*** Records supplied ***
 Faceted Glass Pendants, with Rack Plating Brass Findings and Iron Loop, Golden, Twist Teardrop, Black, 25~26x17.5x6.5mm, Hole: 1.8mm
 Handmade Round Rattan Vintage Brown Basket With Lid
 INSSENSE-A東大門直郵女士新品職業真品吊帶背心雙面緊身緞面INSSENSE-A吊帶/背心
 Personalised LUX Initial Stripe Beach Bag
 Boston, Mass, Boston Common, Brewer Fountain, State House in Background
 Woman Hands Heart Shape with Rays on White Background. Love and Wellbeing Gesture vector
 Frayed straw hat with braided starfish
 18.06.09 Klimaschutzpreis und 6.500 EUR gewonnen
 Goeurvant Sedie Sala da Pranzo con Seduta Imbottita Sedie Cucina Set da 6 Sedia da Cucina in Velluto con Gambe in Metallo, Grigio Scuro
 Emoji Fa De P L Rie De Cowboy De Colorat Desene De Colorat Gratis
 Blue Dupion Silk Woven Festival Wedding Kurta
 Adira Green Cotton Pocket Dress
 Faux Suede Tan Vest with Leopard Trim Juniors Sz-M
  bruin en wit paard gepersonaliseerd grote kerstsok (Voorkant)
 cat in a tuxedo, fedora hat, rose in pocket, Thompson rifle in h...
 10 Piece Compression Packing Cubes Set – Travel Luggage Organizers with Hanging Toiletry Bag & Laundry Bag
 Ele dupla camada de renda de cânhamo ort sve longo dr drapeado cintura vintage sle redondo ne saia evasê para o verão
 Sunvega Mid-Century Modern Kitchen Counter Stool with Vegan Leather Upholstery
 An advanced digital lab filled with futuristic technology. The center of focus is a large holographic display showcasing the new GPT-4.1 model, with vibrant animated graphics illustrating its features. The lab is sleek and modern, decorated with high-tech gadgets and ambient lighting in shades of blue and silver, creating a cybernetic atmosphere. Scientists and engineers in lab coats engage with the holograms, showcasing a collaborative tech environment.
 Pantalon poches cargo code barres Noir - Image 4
*** End of Records supplied ***
**The problem:** The response must repeat exactly the lines from the top of the material through the line containing "Personalised LUX Initial Stripe Beach Bag", both included, with no other output.

**Task response:**
 Faceted Glass Pendants, with Rack Plating Brass Findings and Iron Loop, Golden, Twist Teardrop, Black, 25~26x17.5x6.5mm, Hole: 1.8mm
 Handmade Round Rattan Vintage Brown Basket With Lid
 INSSENSE-A東大門直郵女士新品職業真品吊帶背心雙面緊身緞面INSSENSE-A吊帶/背心
 Personalised LUX Initial Stripe Beach Bag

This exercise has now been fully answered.